Hi, I have a question about contrasts for more complex GLM models in edgeR.
Taking the section 3.5 example as a starting point
> targets <- data.frame(Disease = factor(rep(c("Healthy","Disease1","Disease2"), each = 6)),
+ Patient = factor(rep(c(1:9), each=2)),
+ Treatment = factor(rep(c("None","Hormone"), 9)))
> Patient <- gl(3,2,length = 18)
> Disease <- factor(targets$Disease, levels = c("Healthy","Disease1","Disease2"))
> Treatment <- factor(targets$Treatment, levels = c("None","Hormone"))
> data.frame(Disease, Patient, Treatment)
Disease Patient Treatment
1 Healthy 1 None
2 Healthy 1 Hormone
3 Healthy 2 None
4 Healthy 2 Hormone
5 Healthy 3 None
6 Healthy 3 Hormone
7 Disease1 1 None
8 Disease1 1 Hormone
9 Disease1 2 None
10 Disease1 2 Hormone
11 Disease1 3 None
12 Disease1 3 Hormone
13 Disease2 1 None
14 Disease2 1 Hormone
15 Disease2 2 None
16 Disease2 2 Hormone
17 Disease2 3 None
18 Disease2 3 Hormone
> design <- model.matrix(~Disease+Disease:Patient+Disease:Treatment)
> colnames(design)
[1] "(Intercept)" "DiseaseDisease1" "DiseaseDisease2" "DiseaseHealthy:Patient2" "DiseaseDisease1:Patient2"
[6] "DiseaseDisease2:Patient2" "DiseaseHealthy:Patient3" "DiseaseDisease1:Patient3" "DiseaseDisease2:Patient3" "DiseaseHealthy:TreatmentHormone"
[11] "DiseaseDisease1:TreatmentHormone" "DiseaseDisease2:TreatmentHormone"
My question is how to configure the contrasts/coefficients chosen to find the equivalent of this:
(DiseaseDisease1:TreatmentHormone - DiseaseDisease1:TreatmentNone) - (DiseaseHealthy:TreatmentHormone - DiseaseHealthy:TreatmentNone)
i.e. those genes where the change of expression induced by the hormone is different between Disease1 and healthy.
There is a line in the example which says it will find genes that respond differently to the hormone in disease1 vs healthy patients, so sounds as though it is perfect, however I am not familiar enough with GLMs to decide if it is doing what I want:
qlf <- glmQLFTest(fit,contrast = c(0,0,0,0,0,0,0,0,0,-1,1,0)
This would appear to be performing:
DiseaseDisease1:TreatmentHormone - DiseaseHealthy:TreatmentHormone
Rather than the difference in the response to the hormone, is it not just finding the difference in the treated Disease1 vs the treated healthy? So any changes between disease and healthy without the hormone are not accounted for - I suspect this is due to me not understanding what the intercept represents and how it is used in the contrasts.
Thanks in advance!!!
On a related note is there a good resource for learning how to fit GLMs - so I can understand how the coefficients work with and without intercepts etc? I have read the sections in the edgeR and Limma manuals which are very informative but I don't understand the concepts behind how the various models have been fit and contrasts/coefficients chosen.
Thanks for your very informative answer!
For future reference, do you know of a resource which further explores how to deduce the meanings of the coefficients, such that when planning future experiments I do not need to ask for further clarification?
Kind regards and many thanks,
Dean
Then you should refer to this link for in-depth reading on contrast matrix.

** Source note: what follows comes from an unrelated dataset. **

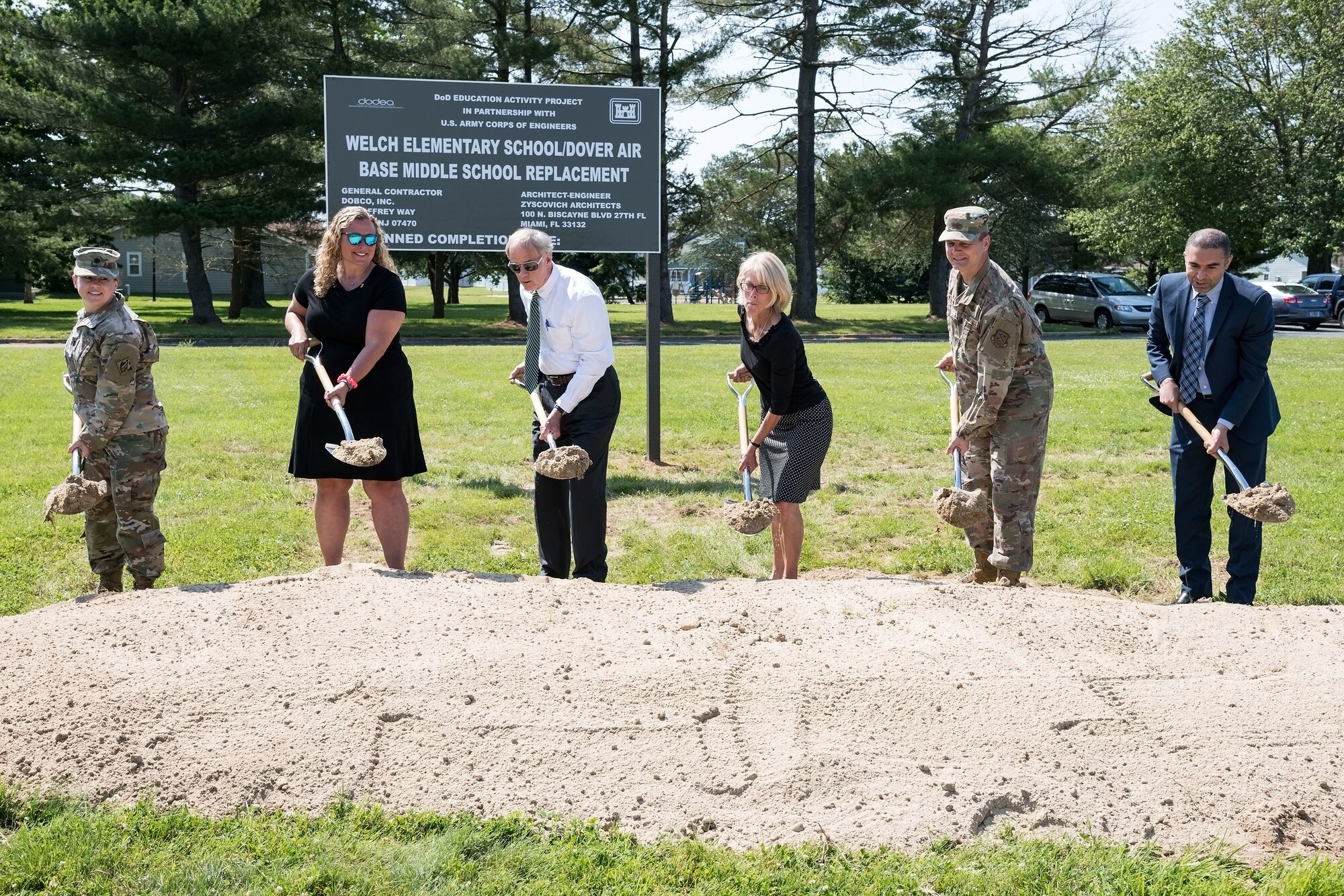 Pictured from the left, Lt. Col. Kristen Dahle, U.S. Army Corps of Engineers Philadelphia District commander; Jessica Marelli, Caesar Rodney School District Board of Education president, Camden, Del.; Sen. Tom Carper, D-Del.; Kate Rohrer, Kent and Sussex counties, Delaware director for Sen. Chris Coons, D-Del.; Col. Joel Safranek, 436th Airlift Wing commander; and Hossam Ibrahim, Dobco, Inc. vice president, break ground for the new Welch Elementary School/Dover Air Base Middle School June 3, 2019, in the family housing area at Dover Air Force Base, Del. The $48 million project, federally funded by the Department of Defense Education Activity, will be built on the football field across the street from the Youth Center and adjacent to the existing elementary and middle schools. Scheduled to open at the beginning of the 2021 school year, the new building will have over 105,000 square feet of learning space for approximately 490 students. (U.S. Air Force photo by Roland Balik)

There isn't a good reference at the level you're looking for, which is why we try so hard to explain things explicitly in the limma and edgeR User Guides. If you don't understand at all the role of intercepts in R model formulae, then it would be best to start with Section 9.2 in the limma User's Guide rather than a very complex design like the one above. The same principle used in Section 9.2 is applied over and over again in complex designs. The edgeR Section 3.5 formula is quite advanced and quite specialized and I've never seen a statistical textbook discuss anything like it.
In general, we recommend you use the group-means parametrization that has explicit contrast interpretations. We pushed this approach in limma and edgeR because it is otherwise so easy to misinterpret model formula in R. Again, though, it is not something that is discussed in statistical textbooks.